Prompt:
Transcribe the data exactly, stopping after the "Used 2021 Nissan Versa SV image 17" line.

Materials provided:
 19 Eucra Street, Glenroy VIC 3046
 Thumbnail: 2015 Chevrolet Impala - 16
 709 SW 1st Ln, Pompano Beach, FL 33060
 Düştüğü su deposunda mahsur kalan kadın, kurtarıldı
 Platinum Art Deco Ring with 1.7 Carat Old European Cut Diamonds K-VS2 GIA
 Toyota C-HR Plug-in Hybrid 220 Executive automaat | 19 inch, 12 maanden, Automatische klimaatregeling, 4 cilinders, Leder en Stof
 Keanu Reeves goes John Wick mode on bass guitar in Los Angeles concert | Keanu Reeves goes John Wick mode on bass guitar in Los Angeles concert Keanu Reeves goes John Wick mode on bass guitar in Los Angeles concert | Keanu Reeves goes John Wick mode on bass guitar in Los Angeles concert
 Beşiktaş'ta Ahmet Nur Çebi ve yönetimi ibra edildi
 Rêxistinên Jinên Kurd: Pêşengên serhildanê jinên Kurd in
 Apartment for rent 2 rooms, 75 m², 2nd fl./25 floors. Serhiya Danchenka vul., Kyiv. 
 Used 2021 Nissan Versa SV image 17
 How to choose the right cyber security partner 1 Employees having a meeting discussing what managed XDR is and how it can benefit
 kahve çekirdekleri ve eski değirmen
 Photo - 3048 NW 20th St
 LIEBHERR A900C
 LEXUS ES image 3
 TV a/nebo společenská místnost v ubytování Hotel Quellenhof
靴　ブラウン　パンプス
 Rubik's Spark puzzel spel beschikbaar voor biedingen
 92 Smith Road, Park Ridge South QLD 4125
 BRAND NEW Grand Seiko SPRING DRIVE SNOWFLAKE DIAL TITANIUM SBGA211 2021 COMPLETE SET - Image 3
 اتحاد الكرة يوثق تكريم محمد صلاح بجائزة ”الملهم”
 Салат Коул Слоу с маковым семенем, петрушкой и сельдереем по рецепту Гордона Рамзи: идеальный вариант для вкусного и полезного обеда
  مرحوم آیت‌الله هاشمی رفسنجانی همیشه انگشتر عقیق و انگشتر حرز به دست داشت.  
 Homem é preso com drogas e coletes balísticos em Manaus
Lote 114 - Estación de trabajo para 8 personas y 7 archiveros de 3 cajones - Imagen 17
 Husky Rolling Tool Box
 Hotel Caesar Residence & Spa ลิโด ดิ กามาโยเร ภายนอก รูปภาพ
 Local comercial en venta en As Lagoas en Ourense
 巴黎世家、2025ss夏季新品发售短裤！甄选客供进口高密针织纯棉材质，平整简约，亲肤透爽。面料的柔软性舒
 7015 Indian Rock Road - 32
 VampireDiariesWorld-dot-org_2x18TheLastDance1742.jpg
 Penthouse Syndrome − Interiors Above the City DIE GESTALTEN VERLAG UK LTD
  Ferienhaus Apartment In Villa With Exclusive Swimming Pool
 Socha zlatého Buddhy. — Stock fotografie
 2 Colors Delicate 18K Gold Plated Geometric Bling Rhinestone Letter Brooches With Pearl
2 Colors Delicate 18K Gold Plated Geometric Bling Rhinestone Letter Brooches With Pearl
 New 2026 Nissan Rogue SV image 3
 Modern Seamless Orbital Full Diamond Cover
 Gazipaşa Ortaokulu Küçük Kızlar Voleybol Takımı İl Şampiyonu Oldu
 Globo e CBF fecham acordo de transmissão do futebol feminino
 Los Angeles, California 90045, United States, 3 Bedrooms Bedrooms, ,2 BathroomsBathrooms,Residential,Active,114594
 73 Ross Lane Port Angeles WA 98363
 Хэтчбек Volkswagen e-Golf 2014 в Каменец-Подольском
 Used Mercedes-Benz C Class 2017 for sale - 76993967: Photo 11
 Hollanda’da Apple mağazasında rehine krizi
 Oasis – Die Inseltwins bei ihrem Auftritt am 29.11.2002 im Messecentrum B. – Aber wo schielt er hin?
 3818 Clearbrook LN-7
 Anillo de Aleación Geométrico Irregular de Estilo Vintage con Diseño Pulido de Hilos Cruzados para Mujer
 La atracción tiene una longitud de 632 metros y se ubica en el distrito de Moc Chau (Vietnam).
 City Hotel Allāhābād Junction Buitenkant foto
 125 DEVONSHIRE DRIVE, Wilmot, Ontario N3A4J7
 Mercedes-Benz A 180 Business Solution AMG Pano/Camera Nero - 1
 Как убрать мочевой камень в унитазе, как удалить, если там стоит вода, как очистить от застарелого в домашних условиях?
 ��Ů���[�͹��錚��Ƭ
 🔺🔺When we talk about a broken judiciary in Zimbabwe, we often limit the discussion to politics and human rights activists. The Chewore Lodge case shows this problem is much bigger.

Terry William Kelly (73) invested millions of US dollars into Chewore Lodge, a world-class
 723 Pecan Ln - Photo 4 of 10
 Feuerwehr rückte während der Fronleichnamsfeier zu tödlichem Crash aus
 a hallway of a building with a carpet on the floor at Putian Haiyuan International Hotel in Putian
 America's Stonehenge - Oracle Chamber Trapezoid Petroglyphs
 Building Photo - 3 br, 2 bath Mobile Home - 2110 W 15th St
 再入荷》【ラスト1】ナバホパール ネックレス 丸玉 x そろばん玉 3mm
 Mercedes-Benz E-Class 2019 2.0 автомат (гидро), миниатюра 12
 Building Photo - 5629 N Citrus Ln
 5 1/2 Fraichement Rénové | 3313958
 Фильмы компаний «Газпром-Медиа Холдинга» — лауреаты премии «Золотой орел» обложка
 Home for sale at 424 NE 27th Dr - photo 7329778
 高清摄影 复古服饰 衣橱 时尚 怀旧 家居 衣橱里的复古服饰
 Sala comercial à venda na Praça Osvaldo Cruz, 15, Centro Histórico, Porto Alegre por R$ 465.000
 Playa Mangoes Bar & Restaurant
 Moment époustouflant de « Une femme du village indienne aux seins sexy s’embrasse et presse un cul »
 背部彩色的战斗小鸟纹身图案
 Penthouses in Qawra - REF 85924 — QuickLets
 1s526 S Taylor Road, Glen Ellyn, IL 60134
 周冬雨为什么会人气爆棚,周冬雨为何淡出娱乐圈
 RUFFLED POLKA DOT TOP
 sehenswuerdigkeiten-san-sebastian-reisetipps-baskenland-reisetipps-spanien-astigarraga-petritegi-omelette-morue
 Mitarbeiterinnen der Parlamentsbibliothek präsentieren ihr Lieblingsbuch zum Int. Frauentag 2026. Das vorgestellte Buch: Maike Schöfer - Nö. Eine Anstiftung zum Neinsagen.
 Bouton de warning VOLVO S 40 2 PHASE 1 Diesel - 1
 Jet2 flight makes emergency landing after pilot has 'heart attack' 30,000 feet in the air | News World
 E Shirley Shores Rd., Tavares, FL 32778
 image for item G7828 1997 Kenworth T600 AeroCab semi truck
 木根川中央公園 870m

Exercise output:
 19 Eucra Street, Glenroy VIC 3046
 Thumbnail: 2015 Chevrolet Impala - 16
 709 SW 1st Ln, Pompano Beach, FL 33060
 Düştüğü su deposunda mahsur kalan kadın, kurtarıldı
 Platinum Art Deco Ring with 1.7 Carat Old European Cut Diamonds K-VS2 GIA
 Toyota C-HR Plug-in Hybrid 220 Executive automaat | 19 inch, 12 maanden, Automatische klimaatregeling, 4 cilinders, Leder en Stof
 Keanu Reeves goes John Wick mode on bass guitar in Los Angeles concert | Keanu Reeves goes John Wick mode on bass guitar in Los Angeles concert Keanu Reeves goes John Wick mode on bass guitar in Los Angeles concert | Keanu Reeves goes John Wick mode on bass guitar in Los Angeles concert
 Beşiktaş'ta Ahmet Nur Çebi ve yönetimi ibra edildi
 Rêxistinên Jinên Kurd: Pêşengên serhildanê jinên Kurd in
 Apartment for rent 2 rooms, 75 m², 2nd fl./25 floors. Serhiya Danchenka vul., Kyiv. 
 Used 2021 Nissan Versa SV image 17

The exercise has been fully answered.